··· GIVEN RECORDS ···

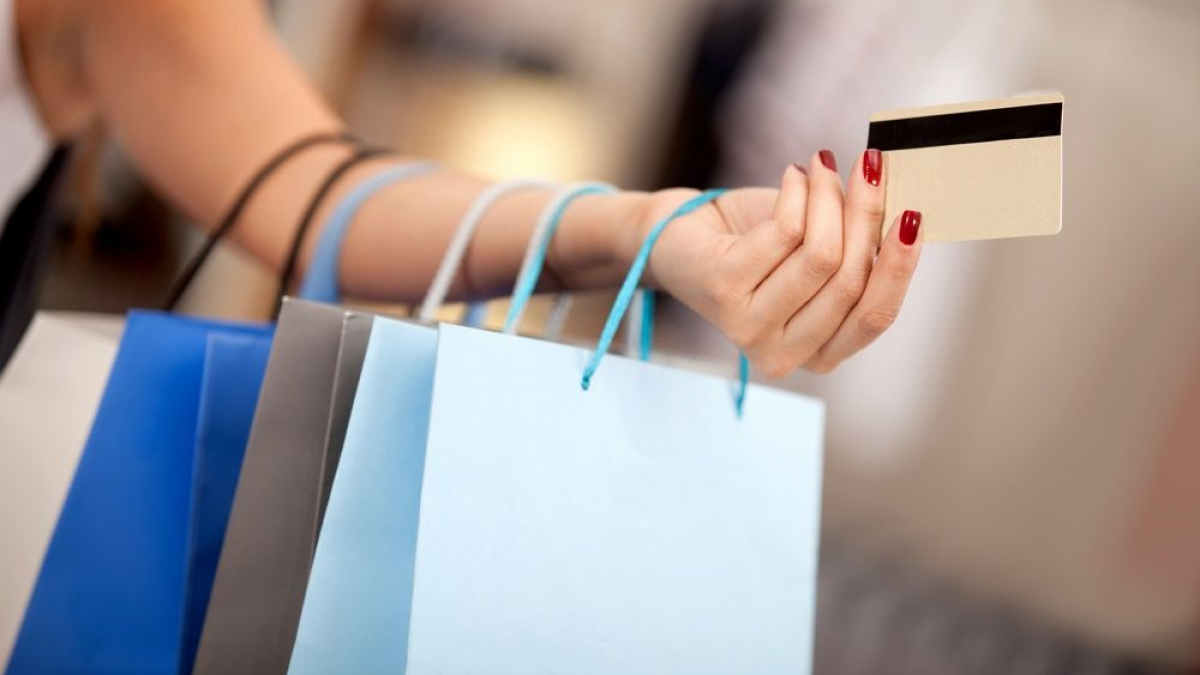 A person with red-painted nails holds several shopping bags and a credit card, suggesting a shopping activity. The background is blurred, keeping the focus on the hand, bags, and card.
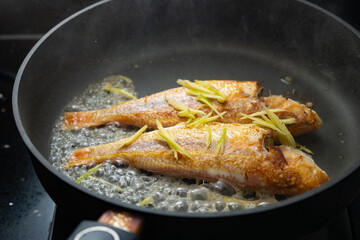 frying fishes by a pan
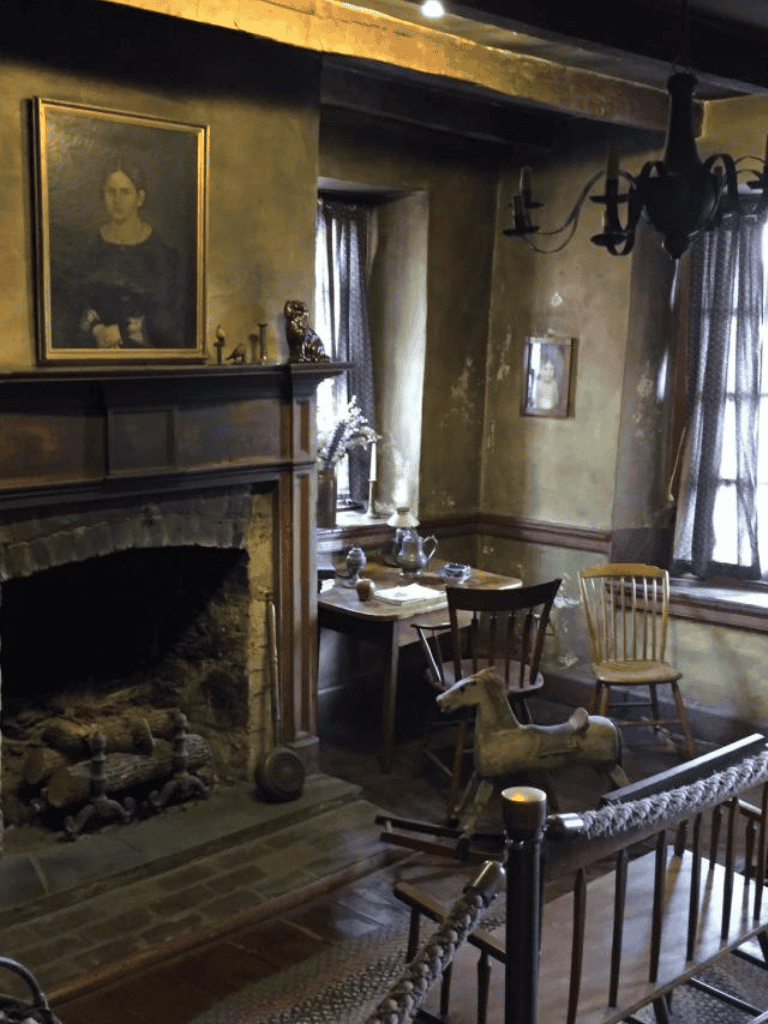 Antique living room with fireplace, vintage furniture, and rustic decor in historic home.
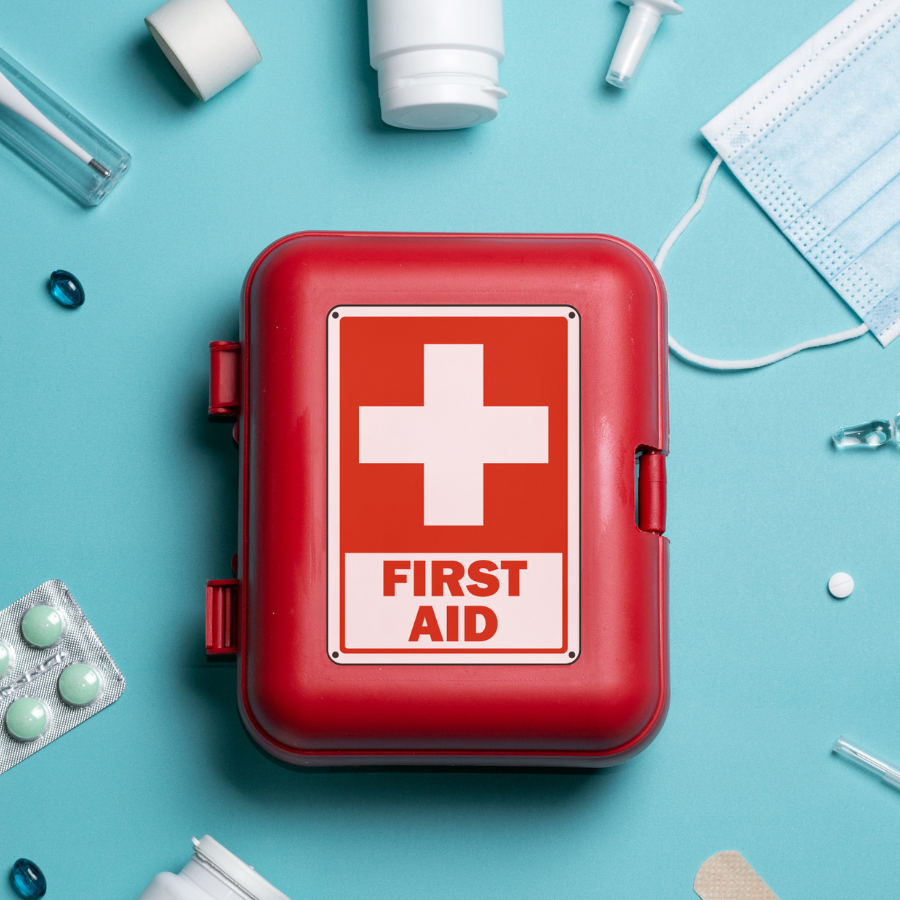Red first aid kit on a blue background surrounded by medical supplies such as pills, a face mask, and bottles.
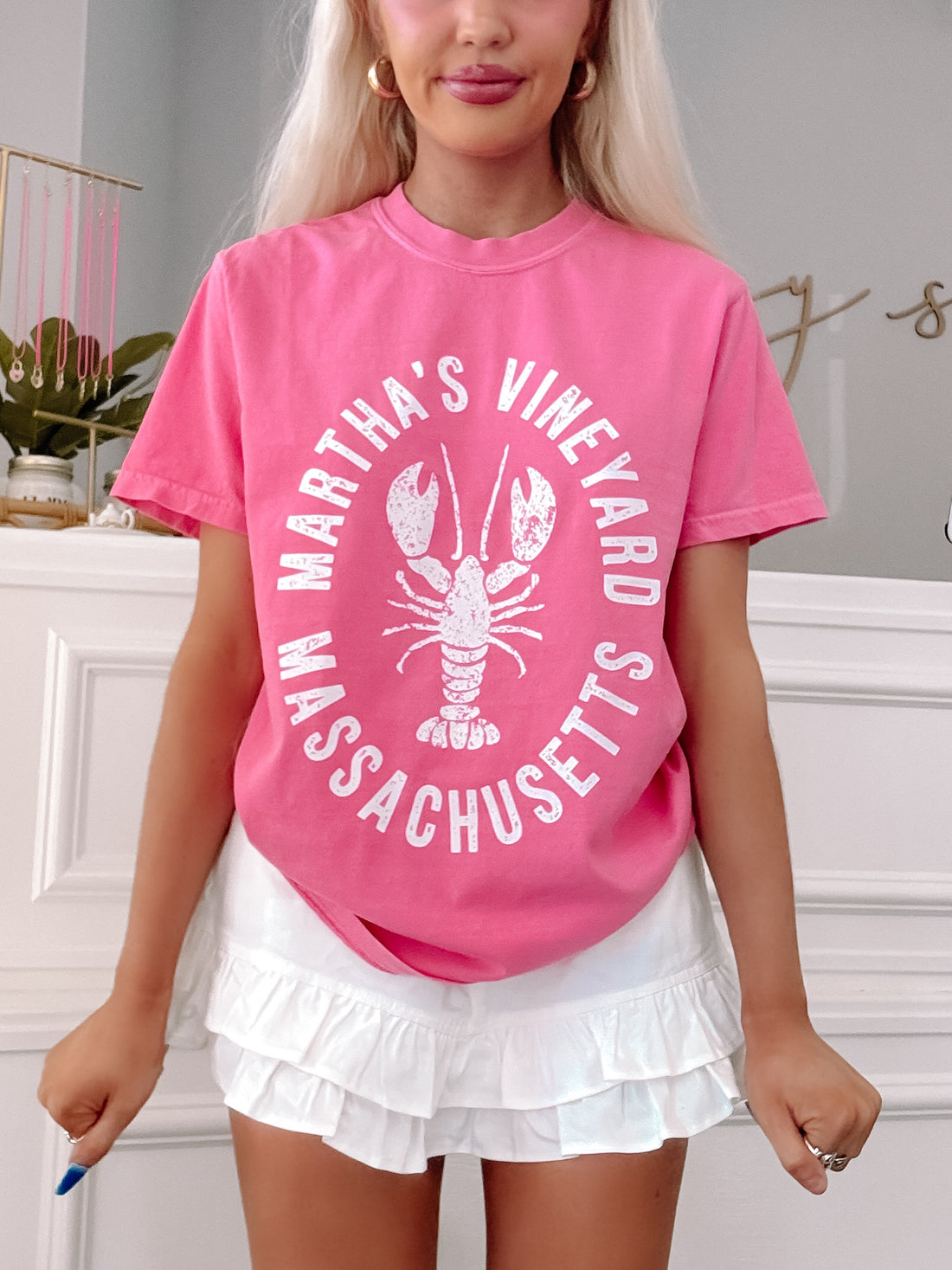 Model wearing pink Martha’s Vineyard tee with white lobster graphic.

···

ASSIGNMENT |
The records above should be reproduced exactly, with the pictures omitted.

SOLUTION |
 A person with red-painted nails holds several shopping bags and a credit card, suggesting a shopping activity. The background is blurred, keeping the focus on the hand, bags, and card.
 frying fishes by a pan
 Antique living room with fireplace, vintage furniture, and rustic decor in historic home.
Red first aid kit on a blue background surrounded by medical supplies such as pills, a face mask, and bottles.
 Model wearing pink Martha’s Vineyard tee with white lobster graphic.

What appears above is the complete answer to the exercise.